When the scan signal Si is input to a high level, the thin film transistor T1 is turned on, and receives the input data signal Dj (voltage signal). The voltage difference between the data signal Dj and the common voltage Vcom charges the capacitors Cs, Clc, wherein the voltage between Clc deflects the liquid crystal molecules therein, so that the backlight transmits light of a corresponding degree according to the degree of deflection of the liquid crystal molecules, thereby making the sub-pixel present a corresponding brightness. The capacitor Cs is used to hold this voltage until the next scan comes.
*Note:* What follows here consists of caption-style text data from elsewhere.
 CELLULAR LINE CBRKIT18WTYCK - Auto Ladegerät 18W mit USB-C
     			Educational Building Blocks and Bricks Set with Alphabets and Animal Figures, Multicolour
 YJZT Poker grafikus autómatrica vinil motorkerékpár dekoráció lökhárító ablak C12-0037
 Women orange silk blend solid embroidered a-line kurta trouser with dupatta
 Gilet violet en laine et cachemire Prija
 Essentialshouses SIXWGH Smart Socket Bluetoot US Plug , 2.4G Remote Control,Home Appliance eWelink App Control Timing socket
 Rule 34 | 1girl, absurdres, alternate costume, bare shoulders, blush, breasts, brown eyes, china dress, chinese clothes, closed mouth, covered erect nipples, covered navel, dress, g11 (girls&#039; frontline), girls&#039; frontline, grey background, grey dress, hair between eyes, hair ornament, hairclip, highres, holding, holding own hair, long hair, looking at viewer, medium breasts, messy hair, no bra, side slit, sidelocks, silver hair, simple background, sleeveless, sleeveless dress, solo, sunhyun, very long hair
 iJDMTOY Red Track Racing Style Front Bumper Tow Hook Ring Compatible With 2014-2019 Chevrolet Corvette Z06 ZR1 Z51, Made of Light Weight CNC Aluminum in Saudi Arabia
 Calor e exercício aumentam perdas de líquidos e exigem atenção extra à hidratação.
The voltage of the data signal Dj may be higher than the common voltage Vcom or lower than the common voltage Vcom. When the absolute value of the voltage difference between the two is the same and the signs are opposite, the brightness displayed by the driving sub-pixels is the same. When the voltage of the data signal Dj is higher than the common voltage Vcom, it is called positive polarity driving, and otherwise, it is called negative polarity driving.

For each sub-pixel structure, it is used to drive and display one sub-pixel. For example, for a three-color pixel unit, the sub-pixels are a red sub-pixel (R), a green sub-pixel (G), and a blue sub-pixel (B); for a four-color pixel unit, the sub-pixels are a red sub-pixel (R), a green sub-pixel (G), a blue sub-pixel (B), and a white sub-pixel (W).

Each line of area corresponds to different voltage difference data codes, and the voltage difference value corresponding to each line of area can be set according to actual needs.

Referring to fig. 2 and 3 again, in the first embodiment, the timing control module 10 includes a counter 11, a control unit 12 and a first memory 13. The counter 11 is configured to count a current charging area of the display panel 102, so that the timing control module 10 obtains a current number of charging rows of the display panel 102. In the present embodiment, the counter 11 is a line counter for counting the charged lines of the display panel 102. The counter 11 may be a binary counter, a decimal counter, or other binary counter. Each time the display panel 102 completes charging a line, the count of the counter 11 is increased by 1 accordingly.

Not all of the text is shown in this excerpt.